Examinemos imparcialmente la magnitud de la iniquidad inherente a la institución de la aristocracia. Yo he nacido, supongamos, príncipe polaco, con una renta de 300.000 libras anuales. Tú has nacido siervo o esclavo, adscrito a la gleba por ley de tu nacimiento y transferible por permuta u otra forma a veinte amos sucesivos. Serán vanos tu incansable labor y tus más generosos esfuerzos para librarte del intolerable yugo. Condenado por tu nacimiento a quedar ante las puertas del palacio en cuyo interior jamás podrás entrar; a dormir bajo un techo ruinoso, mientras tu amo reposa en suntuoso lecho; a alimentarte de putrefactos desperdicios, mientras a tu amo se le sirven los más deliciosos manjares de la tierra; a trabajar sin límites ni moderación bajo un sol ardiente, mientras él se regodea en perpetua pereza; y a ser recompensado con reprimendas, desprecios, castigos y la mutilación. La realidad es peor aún. Yo puedo sufrir todo cuanto el capricho y la injusticia sean capaces de infligirme, con tal de poseer la fuerza espiritual necesaria para contemplar con piedad y desprecio a mi opresor, con la convicción de estar dotado de las sagradas esencias de la naturaleza, de la verdad y de la virtud, dones que jamás podrán ser arrebatados por su injusticia. Pero un esclavo o un siervo está condenado a la estupidez y al vicio al mismo tiempo que al dolor.

¿Todo eso no significa nada? ¿Es ello necesario acaso para el mantenimiento del orden civil? Recordemos que para tales desigualdades no existe el menor fundamento en la naturaleza de las cosas. Tal como ya lo expresamos antes, no hay ningún molde especial para la producción de señores, cuyo nacimiento tiene lugar exactamente del mismo modo que el del más humilde de sus siervos.

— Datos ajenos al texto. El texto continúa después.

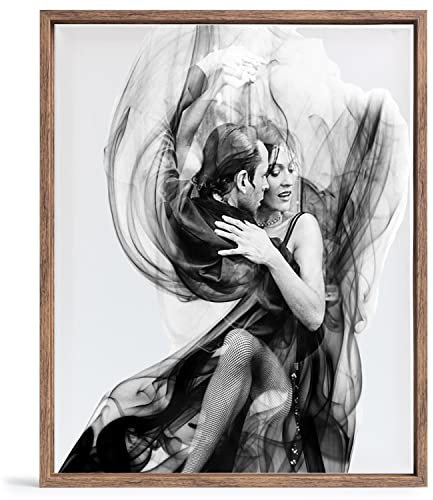 Cornice portafoto vuota per tela, su telaio, formato 80 x 120 cm, effetto legno di mela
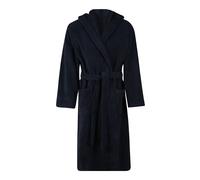 SCHIESSER Peignoir long marine, Taille L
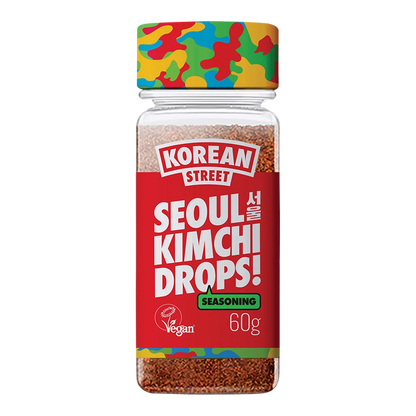 KOREAN STREET Seoul Kimchi Drops Spice Mix 60G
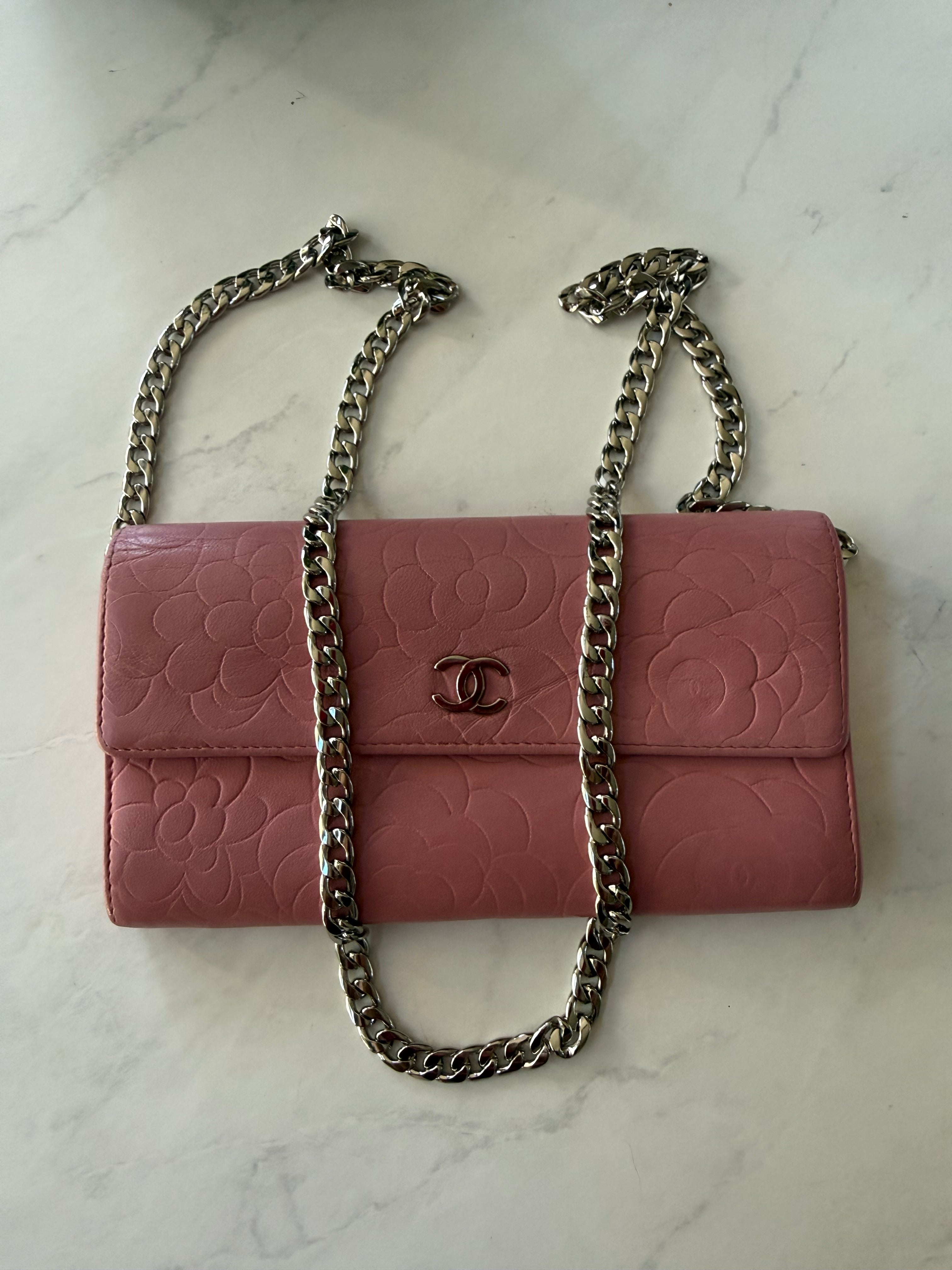 Preloved Pink Chanel Lambskin Wallet SHW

La razón y la filosofía han declarado la guerra a la propia estructura de la aristocracia en todas sus expresiones y matices. Es igualmente repudiable en las castas de la India, en la servidumbre del sistema feudal o en el despotismo de los patricios de la antigua Roma, que convertían en siervos a los deudores que no podían cancelar sus deudas. La humanidad no alcanzará un alto nivel de felicidad y de virtud hasta que cada cual disponga de las distinciones que legítimamente le correspondan por sus méritos personales. La supresión de la aristocracia beneficiará tanto al opresor como al oprimido. El uno será liberado de las consecuencias de la molicie y el otro de los efectos embrutecedores de la servidumbre. ¿Hasta cuándo se repetirá en vano que la mediocridad de la fortuna es el más firme baluarte de la felicidad personal? (1)




Notas

(1) El capítulo XII, De los títulos trata acerca del origen e historia de los títulos y de su absurdo despropósito. Su conclusión es que la verdad es la única recompensa adecuada para el mérito.